Mam ostatnio silną zajawkę na takie klasyczne, hard rockowe, czasami hard’n’heavy, bądź power metalowe granie. No bo jednym z moich ulubionych albumów ubiegłego roku był War Of Kings Europe, w marcu „jarałem się” koncertem duńskiego Royal Hunt, a całkiem niedawno recenzowałem w naszym serwisie krążek gitarzysty Whitesnake Joela Hoekstry Dying To Live a także nową Avantasię. Musiałem zatem wreszcie powrócić do albumów jednego z moich muzycznych ulubieńców – Magnusa Karlssona.
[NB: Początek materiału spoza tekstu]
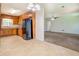 Spacious eat-in kitchen featuring wood cabinets, a refrigerator, and a view into the living area at 2811 Bay Leaf Se Dr, Conyers, GA 30094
Bo kilkakrotnie pisałem tu o płytach, w których maczał palce (krążki duetu Allen/Lande, projektów The Codex i Starbreaker). A facet przecież znany jest z Primal Fear, współpracy z kolejnym duetem Kiske/Somerville, czy Bobem Catleyem. A i to nie wszystkie jego muzyczne ścieżki. Tą najważniejszą dla niego są jednak jego solowe dokonania sygnowane nazwą Magnus Karlsson's Free Fall. Do tej pory wydał pod owym szyldem dwa albumy: Free Fall z 2013 roku i całkiem świeży Kingdom of Rock (2015).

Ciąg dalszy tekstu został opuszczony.